Required action:
Copy out the listing below, keeping every character as is.

Data for processing:
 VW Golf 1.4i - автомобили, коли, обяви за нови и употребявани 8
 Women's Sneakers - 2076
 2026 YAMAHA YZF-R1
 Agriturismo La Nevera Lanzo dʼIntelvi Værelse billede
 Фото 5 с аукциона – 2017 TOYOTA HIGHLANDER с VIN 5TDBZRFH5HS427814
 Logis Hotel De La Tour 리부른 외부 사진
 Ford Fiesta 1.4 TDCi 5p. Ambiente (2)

Task response:
 VW Golf 1.4i - автомобили, коли, обяви за нови и употребявани 8
 Women's Sneakers - 2076
 2026 YAMAHA YZF-R1
 Agriturismo La Nevera Lanzo dʼIntelvi Værelse billede
 Фото 5 с аукциона – 2017 TOYOTA HIGHLANDER с VIN 5TDBZRFH5HS427814
 Logis Hotel De La Tour 리부른 외부 사진
 Ford Fiesta 1.4 TDCi 5p. Ambiente (2)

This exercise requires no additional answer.